Very simple concept for some, but quite honestly I’m striving to grasp:


  • You have a $20 \text{ m}^3$ pressure vessel.
  • You start filling it with gas.
  • You see a rise in the gauge pressure of $1 \text{ bar}$.

I’m told that this gauge pressure rise means you have injected a total of precisely $20 \text{ m}^3$ of gas when the reader shows exactly $1 \text{ bar}$. And that, therefore, knowing the gas density (lets say for example $2 \text{ kg/m}^3$ at normal conditions, this meaning $0^\circ\text{C}$ and absolute pressure of $1,01325 \text{ bar}$) you deduce the total amount of mass injected in the pressure vessel:

$20 \text{ m}^3 \cdot 2 \text{ kg/m}^3 =40 \text{ kg}$

Doubt 1: Where may I read anything proving that direct relationship between pressure rise and tidal volume?

Doubt 2: how may the stated density apply if this happens inside the vessel, where you have relative pressure and the value is given for absolute pressure?

Many thanks in advance!


1 Answer 1


Using Ideal Gas Law:

$\frac{p_1V_1}{n_1RT_1} = \frac{p_2V_2}{n_2RT_2}$

The volume stays the same, so we cancel those out.

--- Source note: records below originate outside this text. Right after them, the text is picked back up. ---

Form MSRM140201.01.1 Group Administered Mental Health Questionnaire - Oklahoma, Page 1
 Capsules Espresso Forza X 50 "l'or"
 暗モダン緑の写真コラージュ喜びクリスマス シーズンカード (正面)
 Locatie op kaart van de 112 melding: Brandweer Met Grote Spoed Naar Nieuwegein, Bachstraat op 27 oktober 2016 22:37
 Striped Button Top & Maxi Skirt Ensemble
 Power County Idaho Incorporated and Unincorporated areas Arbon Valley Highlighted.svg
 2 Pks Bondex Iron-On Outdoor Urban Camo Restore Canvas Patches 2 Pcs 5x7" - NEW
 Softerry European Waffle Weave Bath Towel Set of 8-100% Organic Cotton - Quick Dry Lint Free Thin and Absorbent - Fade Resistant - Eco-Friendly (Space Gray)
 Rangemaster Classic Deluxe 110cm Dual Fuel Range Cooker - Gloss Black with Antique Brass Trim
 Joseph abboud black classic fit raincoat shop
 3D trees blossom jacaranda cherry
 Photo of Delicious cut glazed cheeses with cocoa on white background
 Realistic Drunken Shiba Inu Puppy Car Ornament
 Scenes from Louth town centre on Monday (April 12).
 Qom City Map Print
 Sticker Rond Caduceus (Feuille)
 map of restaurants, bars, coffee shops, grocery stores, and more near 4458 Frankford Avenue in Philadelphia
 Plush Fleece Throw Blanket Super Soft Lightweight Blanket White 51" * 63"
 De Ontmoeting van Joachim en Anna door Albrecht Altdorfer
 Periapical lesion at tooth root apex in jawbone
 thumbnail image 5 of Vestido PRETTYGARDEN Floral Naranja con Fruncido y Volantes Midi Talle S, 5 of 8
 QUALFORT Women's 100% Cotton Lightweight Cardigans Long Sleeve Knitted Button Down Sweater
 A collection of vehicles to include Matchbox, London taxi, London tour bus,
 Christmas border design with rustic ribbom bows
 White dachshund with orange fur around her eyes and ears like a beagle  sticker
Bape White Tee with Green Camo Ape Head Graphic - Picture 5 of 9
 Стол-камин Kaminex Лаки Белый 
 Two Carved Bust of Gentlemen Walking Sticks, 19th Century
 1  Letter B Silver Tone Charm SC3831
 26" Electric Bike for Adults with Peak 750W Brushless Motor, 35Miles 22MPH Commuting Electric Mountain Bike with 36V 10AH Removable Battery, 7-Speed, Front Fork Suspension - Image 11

R is obviously the same, so that goes too. If we assume the temperature stays the same throughout the process,

$\frac{p_1}{n_1} = \frac{p_2}{n_2}$ , or

$p_2 = p_1\frac{n_2}{n_1}$

Since at a constant temperature, all (ideal) gases have the same molar volume, if you add a volume of gas equal to the initial volume (add a number of moles equal to the original number), the pressure will double.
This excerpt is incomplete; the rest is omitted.